2. GRANT, ACCEPTANCE AND INITIAL TERM.


Subject to this Agreement's provisions, we hereby grant you the right (the "Franchise") to own and operate a Franchised Tupperware Distributorship (the "Franchised Distributorship") for a period of time commencing on the Agreement Date and expiring on December 31, 19 , unless sooner terminated as provided in this Agreement. You accept the Franchise and agree that you will devote your full time and attention and best efforts to the Franchised Distributorship, use your best efforts to accomplish the purposes of this Agreement and at all times faithfully, honestly and diligently perform your obligations under this Agreement.


3. DISTRIBUTION RIGHTS AND PERFORMANCE CRITERIA.

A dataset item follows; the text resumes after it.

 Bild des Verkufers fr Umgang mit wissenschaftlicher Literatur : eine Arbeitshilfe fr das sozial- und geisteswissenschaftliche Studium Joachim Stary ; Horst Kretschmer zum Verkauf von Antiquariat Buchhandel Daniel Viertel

During this Agreement's term, we will make available for sale to you and/or Consultants TUPPERWARE Products for sale to consumers. You agree to concentrate your promotional and distribution efforts, and to use your best efforts to distribute TUPPERWARE Products, within the Primary Area of Promotion using the home party plan and personal demonstrations. We retain the right in the Primary Area of Promotion and elsewhere to promote, distribute and market all TUPPERWARE Products through any and all methods of distribution we think best, including, but not limited to, other Franchised Tupperware Distributorships, Tupperware Distributorships that we and our Affiliates own and operate and other channels of distribution. Your right to distribute TUPPERWARE Products in the Primary Area of Promotion is nonexclusive.


You acknowledge that we are granting you the nonexclusive right to operate a Franchised Tupperware Distributorship with the expectation that you will satisfy the annual and quarterly performance criteria identified in Exhibit E. You agree that your failure to satisfy the required criteria will allow (but not obligate) us to terminate this Agreement, as provided in Section 15.B. below.


4. GUIDANCE AND ASSISTANCE.


A. GUIDANCE AND ASSISTANCE.


We will communicate the Marketing Methods to you through various means, including, but not limited to, the Operating Manuals, advice letters, telephone consultations, audiotapes, videotaped presentations and conferences for Franchised Tupperware Distributorships. As noted in Section 1 above, Marketing Methods are the sales, purchasing, distribution, marketing and administrative plans, systems, methods and techniques we may require or authorize Franchised Tupperware Distributorships to use from time to time, including, but not limited to, our direct selling techniques for the home party plan and personal demonstrations and the purchasing and distribution methods and procedures that comprise the "Traditional," "Express," "Consultant Direct" and/or other types of Franchised Tupperware Distributorships. We reserve the right to require you to change your selling techniques and purchasing and distribution methods and procedures. In these circumstances, your status as a Franchised Tupperware Distributorship does not change. However, the purchasing and distribution methods and procedures that you must follow in operating your Franchised Distributorship may change. "Marketing Methods" also may include administrative and financial controls; reporting systems; ordering and purchasing systems; bookkeeping systems; billing procedures; recruiting, retaining and motivating Consultants and instilling in Consultants the "Sharing Opportunity" through Consultant sales presentations, Consultant incentive programs and other means; promoting the reputation, distribution and use of TUPPERWARE Products; and general business operation and management.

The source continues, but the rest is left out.